Labor Day weekend, said Rauschkolb, is one of the year’s prime periods for vehicle and boat accidents. To reduce crashes — both on highways and waterways — he is working with state and municipal police and conservation officers to stage DUI checkpoints from Harveys Lake to Mountain Top, with stops planned for about nine municipalities in between.


“The bottom line here is we want everyone to get home safely,” Rauschkolb said.


Rauschkolb, coordinator for the crackdown, met with other law enforcement agencies Friday morning at the state-owned boat launch in Harveys Lake on Friday. A fireworks display over the water is scheduled for Sunday, and officials were getting a jump-start on establishing a presence for the imminent rush to the lake.


Officials expect an abundance of boaters to be on the water Monday, and waterways conservation officer John Cummings said he’s keeping an eye out for drunken driving’s seaborne sister offense: boating under the influence (BUI).


While open containers of alcohol are allowed on boats, penalties are the same for drivers or boat operators with blood-alcohol levels over .08 percent, Cummings said. Fines can reach up to $5,000 with loss of boat-operating privileges.

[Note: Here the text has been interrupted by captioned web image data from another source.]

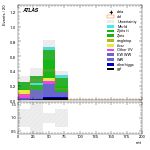 [ee+mm]-CutVBF_SR_2jet_MJJ_GT1500_PTH_GT200-mtt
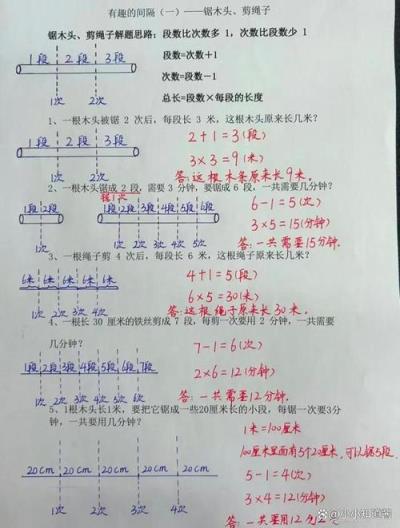 小学生如何轻松掌握趣味数学题的解题方法？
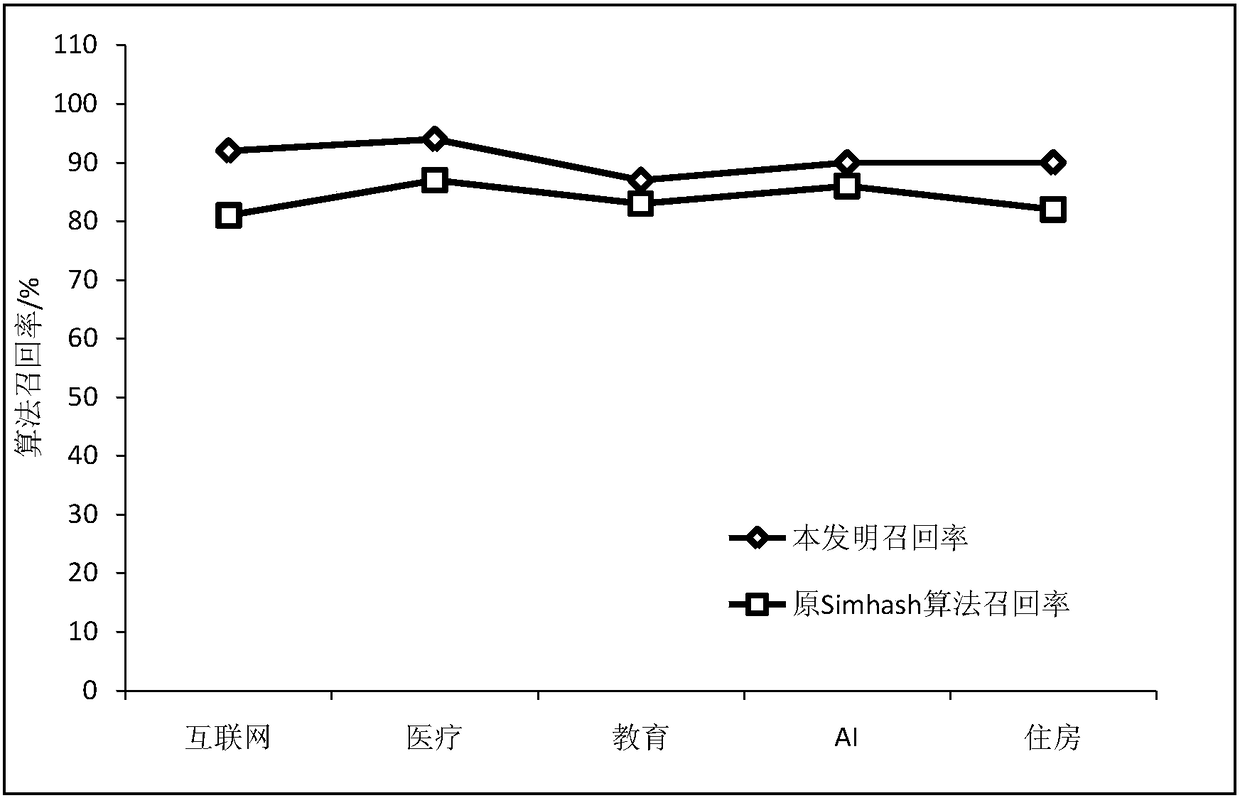 Large-scale document similarity detection method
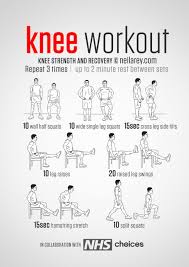 No Equipment Knee Pain Strength And Recovery Workout Healthy Girls Are The Prettiest Knee Strengthening Exercises Knee Exercises Knee Pain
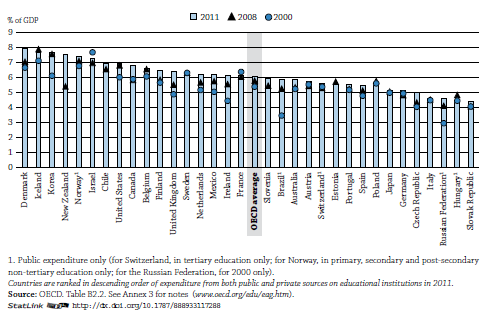 Graf B2.1 Výdaje na vzdělávání jako procento HDP (všechny úrovně vzdělávání) (2000, 2008, 2011).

Of all the crashes in Harveys Lake this year, borough police Chief Charles Musial said, about 95 percent of them were alcohol-related.

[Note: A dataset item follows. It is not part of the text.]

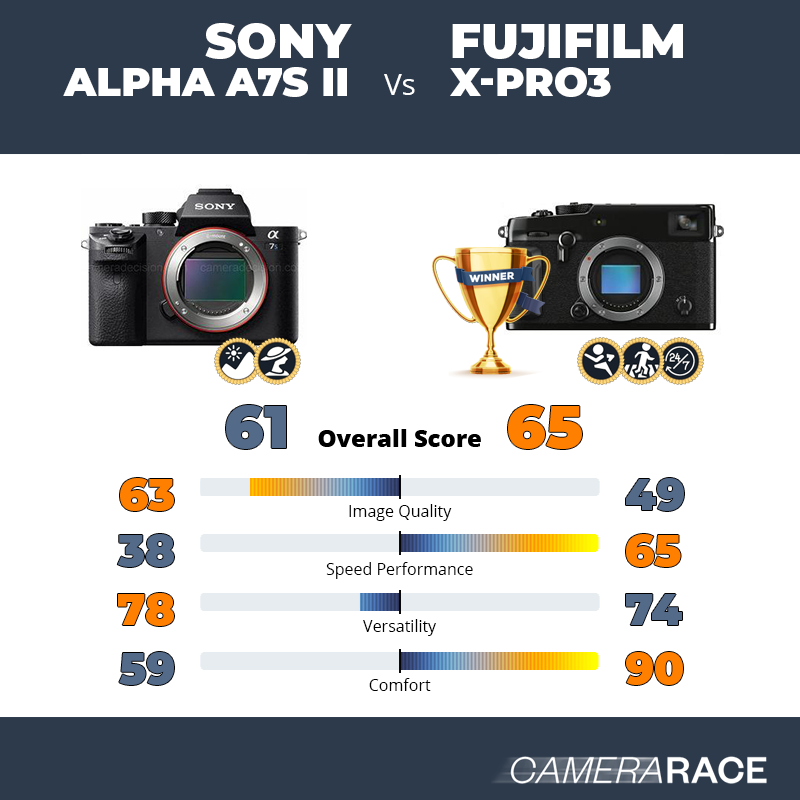 Le Sony Alpha A7S II est-il mieux que le Fujifilm X-Pro3 ?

Recent accident statistics are hard to calculate because some investigations are ongoing, said Luzerne County DUI coordinator Joe Swortz. Countywide, accidents from drunken driving in 2012 totaled 65 crashes, three of them fatal, Swortz said.


Statewide, statistics show a declining number of DUI offenses, falling from more than 56,000 in 2008 to fewer than 52,000 in 2011.


The nature of impaired driving is changing, Swortz said. Statistics show that alcohol-related crashes are down; however, more people disabled by medicines are being caught.


“The over-the-counter stuff is most deceptive,” Swortz said. He has noticed a trend among people of older generations driving with sleep aids in their systems. Too often, medicine users disregard the pill bottle labels and shun warnings against driving while they’re being used, Swortz said.


A single drink exponentially inhibits motor skills when mixed with some prescription or over-the-counter drugs, Swortz said. Alcohol levels matter very little when drugs are in the body, and charges for drugged driving can be as significant as for driving drunk, depending on the level of impairment.